[Records from a data source]

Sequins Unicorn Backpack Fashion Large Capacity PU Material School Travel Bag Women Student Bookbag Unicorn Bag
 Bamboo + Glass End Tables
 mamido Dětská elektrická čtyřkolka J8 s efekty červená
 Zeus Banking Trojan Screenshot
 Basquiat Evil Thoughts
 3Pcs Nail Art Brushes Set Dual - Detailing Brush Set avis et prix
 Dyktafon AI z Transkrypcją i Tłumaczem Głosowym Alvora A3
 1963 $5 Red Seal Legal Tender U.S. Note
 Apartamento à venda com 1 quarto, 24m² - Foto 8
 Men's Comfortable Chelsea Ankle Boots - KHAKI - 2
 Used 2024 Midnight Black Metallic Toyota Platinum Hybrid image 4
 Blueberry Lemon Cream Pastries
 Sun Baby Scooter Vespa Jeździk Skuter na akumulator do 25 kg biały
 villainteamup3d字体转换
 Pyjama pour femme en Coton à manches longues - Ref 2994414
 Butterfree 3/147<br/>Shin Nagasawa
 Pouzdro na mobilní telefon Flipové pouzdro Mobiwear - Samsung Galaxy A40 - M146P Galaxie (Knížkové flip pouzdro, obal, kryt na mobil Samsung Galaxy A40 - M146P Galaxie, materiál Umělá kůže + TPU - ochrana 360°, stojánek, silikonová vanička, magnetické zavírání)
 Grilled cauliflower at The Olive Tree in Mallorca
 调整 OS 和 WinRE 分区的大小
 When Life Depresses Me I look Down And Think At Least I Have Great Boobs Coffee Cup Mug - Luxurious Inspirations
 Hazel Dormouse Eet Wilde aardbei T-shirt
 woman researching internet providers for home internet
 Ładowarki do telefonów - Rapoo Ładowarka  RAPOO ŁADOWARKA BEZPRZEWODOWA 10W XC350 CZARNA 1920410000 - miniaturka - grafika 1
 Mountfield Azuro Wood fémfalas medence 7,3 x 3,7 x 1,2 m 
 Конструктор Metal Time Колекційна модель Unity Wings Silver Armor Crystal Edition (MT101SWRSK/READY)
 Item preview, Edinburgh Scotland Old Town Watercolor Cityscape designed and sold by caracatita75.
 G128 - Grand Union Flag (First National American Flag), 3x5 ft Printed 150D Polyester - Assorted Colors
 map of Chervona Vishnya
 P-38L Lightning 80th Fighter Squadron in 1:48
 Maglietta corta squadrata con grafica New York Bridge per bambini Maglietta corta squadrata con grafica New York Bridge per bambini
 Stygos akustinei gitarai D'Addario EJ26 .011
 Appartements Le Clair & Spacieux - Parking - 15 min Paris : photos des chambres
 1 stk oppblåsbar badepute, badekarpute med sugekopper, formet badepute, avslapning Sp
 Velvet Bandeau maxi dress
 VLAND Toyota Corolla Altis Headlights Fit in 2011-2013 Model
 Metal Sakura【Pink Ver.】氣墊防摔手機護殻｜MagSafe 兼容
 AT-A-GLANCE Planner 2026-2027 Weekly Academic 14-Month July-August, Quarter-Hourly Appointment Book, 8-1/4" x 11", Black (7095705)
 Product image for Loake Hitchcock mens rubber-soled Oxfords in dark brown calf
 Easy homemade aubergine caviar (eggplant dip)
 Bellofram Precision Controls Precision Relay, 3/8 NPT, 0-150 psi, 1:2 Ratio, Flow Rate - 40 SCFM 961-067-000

What the task requires
All the data above should be set down a second time, exactly.

Result of this task
Sequins Unicorn Backpack Fashion Large Capacity PU Material School Travel Bag Women Student Bookbag Unicorn Bag
 Bamboo + Glass End Tables
 mamido Dětská elektrická čtyřkolka J8 s efekty červená
 Zeus Banking Trojan Screenshot
 Basquiat Evil Thoughts
 3Pcs Nail Art Brushes Set Dual - Detailing Brush Set avis et prix
 Dyktafon AI z Transkrypcją i Tłumaczem Głosowym Alvora A3
 1963 $5 Red Seal Legal Tender U.S. Note
 Apartamento à venda com 1 quarto, 24m² - Foto 8
 Men's Comfortable Chelsea Ankle Boots - KHAKI - 2
 Used 2024 Midnight Black Metallic Toyota Platinum Hybrid image 4
 Blueberry Lemon Cream Pastries
 Sun Baby Scooter Vespa Jeździk Skuter na akumulator do 25 kg biały
 villainteamup3d字体转换
 Pyjama pour femme en Coton à manches longues - Ref 2994414
 Butterfree 3/147<br/>Shin Nagasawa
 Pouzdro na mobilní telefon Flipové pouzdro Mobiwear - Samsung Galaxy A40 - M146P Galaxie (Knížkové flip pouzdro, obal, kryt na mobil Samsung Galaxy A40 - M146P Galaxie, materiál Umělá kůže + TPU - ochrana 360°, stojánek, silikonová vanička, magnetické zavírání)
 Grilled cauliflower at The Olive Tree in Mallorca
 调整 OS 和 WinRE 分区的大小
 When Life Depresses Me I look Down And Think At Least I Have Great Boobs Coffee Cup Mug - Luxurious Inspirations
 Hazel Dormouse Eet Wilde aardbei T-shirt
 woman researching internet providers for home internet
 Ładowarki do telefonów - Rapoo Ładowarka  RAPOO ŁADOWARKA BEZPRZEWODOWA 10W XC350 CZARNA 1920410000 - miniaturka - grafika 1
 Mountfield Azuro Wood fémfalas medence 7,3 x 3,7 x 1,2 m 
 Конструктор Metal Time Колекційна модель Unity Wings Silver Armor Crystal Edition (MT101SWRSK/READY)
 Item preview, Edinburgh Scotland Old Town Watercolor Cityscape designed and sold by caracatita75.
 G128 - Grand Union Flag (First National American Flag), 3x5 ft Printed 150D Polyester - Assorted Colors
 map of Chervona Vishnya
 P-38L Lightning 80th Fighter Squadron in 1:48
 Maglietta corta squadrata con grafica New York Bridge per bambini Maglietta corta squadrata con grafica New York Bridge per bambini
 Stygos akustinei gitarai D'Addario EJ26 .011
 Appartements Le Clair & Spacieux - Parking - 15 min Paris : photos des chambres
 1 stk oppblåsbar badepute, badekarpute med sugekopper, formet badepute, avslapning Sp
 Velvet Bandeau maxi dress
 VLAND Toyota Corolla Altis Headlights Fit in 2011-2013 Model
 Metal Sakura【Pink Ver.】氣墊防摔手機護殻｜MagSafe 兼容
 AT-A-GLANCE Planner 2026-2027 Weekly Academic 14-Month July-August, Quarter-Hourly Appointment Book, 8-1/4" x 11", Black (7095705)
 Product image for Loake Hitchcock mens rubber-soled Oxfords in dark brown calf
 Easy homemade aubergine caviar (eggplant dip)
 Bellofram Precision Controls Precision Relay, 3/8 NPT, 0-150 psi, 1:2 Ratio, Flow Rate - 40 SCFM 961-067-000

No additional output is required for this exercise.